- [Work order]
An exact copy of the lines from the one containing "Сегодня на канале" through the final line of the records is the only acceptable answer.

- [Provided information]
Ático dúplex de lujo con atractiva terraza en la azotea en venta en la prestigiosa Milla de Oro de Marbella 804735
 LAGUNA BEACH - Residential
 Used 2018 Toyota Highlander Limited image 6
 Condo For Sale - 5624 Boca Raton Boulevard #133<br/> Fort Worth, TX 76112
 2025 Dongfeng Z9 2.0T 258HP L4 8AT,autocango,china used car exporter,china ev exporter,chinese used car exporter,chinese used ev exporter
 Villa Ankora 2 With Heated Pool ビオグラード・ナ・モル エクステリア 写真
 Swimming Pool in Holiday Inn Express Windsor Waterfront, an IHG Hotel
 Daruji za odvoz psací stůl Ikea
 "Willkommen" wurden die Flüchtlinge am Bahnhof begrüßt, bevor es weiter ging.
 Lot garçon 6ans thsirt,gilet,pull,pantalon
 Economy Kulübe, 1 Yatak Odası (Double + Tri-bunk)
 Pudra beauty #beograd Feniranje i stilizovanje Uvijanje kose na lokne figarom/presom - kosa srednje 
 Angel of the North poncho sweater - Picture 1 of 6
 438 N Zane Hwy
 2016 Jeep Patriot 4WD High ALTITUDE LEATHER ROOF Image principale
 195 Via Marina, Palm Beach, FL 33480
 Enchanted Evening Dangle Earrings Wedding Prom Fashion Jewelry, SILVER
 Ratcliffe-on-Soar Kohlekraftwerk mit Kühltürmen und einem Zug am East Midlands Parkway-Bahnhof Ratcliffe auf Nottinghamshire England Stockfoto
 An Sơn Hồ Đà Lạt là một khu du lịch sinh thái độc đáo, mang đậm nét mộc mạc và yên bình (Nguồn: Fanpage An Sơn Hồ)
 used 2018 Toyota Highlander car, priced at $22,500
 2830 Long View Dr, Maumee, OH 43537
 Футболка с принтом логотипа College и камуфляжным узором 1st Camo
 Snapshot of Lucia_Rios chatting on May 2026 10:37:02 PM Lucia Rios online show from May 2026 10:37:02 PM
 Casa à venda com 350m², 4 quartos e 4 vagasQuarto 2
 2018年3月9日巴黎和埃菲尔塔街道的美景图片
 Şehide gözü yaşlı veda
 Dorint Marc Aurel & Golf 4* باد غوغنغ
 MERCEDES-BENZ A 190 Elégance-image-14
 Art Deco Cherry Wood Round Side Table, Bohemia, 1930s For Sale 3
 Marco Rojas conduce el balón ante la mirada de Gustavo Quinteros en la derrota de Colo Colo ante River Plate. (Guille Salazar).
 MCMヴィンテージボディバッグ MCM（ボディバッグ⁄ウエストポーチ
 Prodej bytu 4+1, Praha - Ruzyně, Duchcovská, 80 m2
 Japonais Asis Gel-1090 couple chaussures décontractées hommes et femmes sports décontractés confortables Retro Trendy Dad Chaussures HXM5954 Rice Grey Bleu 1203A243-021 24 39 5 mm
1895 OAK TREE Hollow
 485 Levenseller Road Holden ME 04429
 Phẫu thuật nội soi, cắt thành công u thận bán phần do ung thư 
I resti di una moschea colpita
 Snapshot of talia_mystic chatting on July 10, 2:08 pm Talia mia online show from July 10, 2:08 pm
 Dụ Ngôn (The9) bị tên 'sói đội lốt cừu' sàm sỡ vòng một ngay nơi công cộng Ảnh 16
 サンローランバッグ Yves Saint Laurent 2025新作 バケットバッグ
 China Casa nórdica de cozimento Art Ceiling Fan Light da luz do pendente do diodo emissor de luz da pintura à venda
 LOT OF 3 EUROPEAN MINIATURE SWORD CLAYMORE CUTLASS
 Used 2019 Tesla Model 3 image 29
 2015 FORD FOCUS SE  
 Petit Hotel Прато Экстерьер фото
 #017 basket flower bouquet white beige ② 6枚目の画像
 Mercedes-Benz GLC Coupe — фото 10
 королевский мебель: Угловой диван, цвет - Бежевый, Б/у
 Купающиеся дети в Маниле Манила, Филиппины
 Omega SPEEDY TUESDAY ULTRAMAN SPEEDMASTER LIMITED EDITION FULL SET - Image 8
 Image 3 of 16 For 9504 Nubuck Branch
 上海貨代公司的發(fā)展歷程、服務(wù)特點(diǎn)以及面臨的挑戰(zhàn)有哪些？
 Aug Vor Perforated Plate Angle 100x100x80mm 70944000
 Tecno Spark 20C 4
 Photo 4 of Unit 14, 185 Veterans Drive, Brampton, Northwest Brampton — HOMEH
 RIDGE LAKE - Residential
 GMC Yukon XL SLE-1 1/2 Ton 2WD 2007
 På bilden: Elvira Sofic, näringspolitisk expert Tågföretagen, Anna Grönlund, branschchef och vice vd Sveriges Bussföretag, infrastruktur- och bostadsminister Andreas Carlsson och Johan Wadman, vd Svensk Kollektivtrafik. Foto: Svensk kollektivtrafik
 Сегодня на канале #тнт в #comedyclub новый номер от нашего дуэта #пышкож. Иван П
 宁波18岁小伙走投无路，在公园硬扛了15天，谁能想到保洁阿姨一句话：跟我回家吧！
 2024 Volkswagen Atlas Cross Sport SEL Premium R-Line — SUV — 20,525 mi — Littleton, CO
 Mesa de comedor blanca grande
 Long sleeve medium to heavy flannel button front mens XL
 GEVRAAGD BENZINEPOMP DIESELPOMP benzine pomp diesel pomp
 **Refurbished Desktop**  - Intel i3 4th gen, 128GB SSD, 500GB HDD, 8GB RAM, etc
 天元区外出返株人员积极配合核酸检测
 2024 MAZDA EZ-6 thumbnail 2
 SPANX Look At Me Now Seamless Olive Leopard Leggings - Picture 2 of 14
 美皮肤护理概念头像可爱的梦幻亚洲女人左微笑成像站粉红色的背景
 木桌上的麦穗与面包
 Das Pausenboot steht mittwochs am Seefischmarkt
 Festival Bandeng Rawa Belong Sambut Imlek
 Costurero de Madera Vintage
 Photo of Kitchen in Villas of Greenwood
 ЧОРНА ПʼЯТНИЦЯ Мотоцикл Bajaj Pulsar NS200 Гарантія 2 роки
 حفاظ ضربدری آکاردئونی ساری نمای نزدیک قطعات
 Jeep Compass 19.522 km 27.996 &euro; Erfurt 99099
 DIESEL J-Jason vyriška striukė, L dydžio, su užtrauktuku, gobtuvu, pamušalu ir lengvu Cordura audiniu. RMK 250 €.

- [Output]
 Сегодня на канале #тнт в #comedyclub новый номер от нашего дуэта #пышкож. Иван П
 宁波18岁小伙走投无路，在公园硬扛了15天，谁能想到保洁阿姨一句话：跟我回家吧！
 2024 Volkswagen Atlas Cross Sport SEL Premium R-Line — SUV — 20,525 mi — Littleton, CO
 Mesa de comedor blanca grande
 Long sleeve medium to heavy flannel button front mens XL
 GEVRAAGD BENZINEPOMP DIESELPOMP benzine pomp diesel pomp
 **Refurbished Desktop**  - Intel i3 4th gen, 128GB SSD, 500GB HDD, 8GB RAM, etc
 天元区外出返株人员积极配合核酸检测
 2024 MAZDA EZ-6 thumbnail 2
 SPANX Look At Me Now Seamless Olive Leopard Leggings - Picture 2 of 14
 美皮肤护理概念头像可爱的梦幻亚洲女人左微笑成像站粉红色的背景
 木桌上的麦穗与面包
 Das Pausenboot steht mittwochs am Seefischmarkt
 Festival Bandeng Rawa Belong Sambut Imlek
 Costurero de Madera Vintage
 Photo of Kitchen in Villas of Greenwood
 ЧОРНА ПʼЯТНИЦЯ Мотоцикл Bajaj Pulsar NS200 Гарантія 2 роки
 حفاظ ضربدری آکاردئونی ساری نمای نزدیک قطعات
 Jeep Compass 19.522 km 27.996 &euro; Erfurt 99099
 DIESEL J-Jason vyriška striukė, L dydžio, su užtrauktuku, gobtuvu, pamušalu ir lengvu Cordura audiniu. RMK 250 €.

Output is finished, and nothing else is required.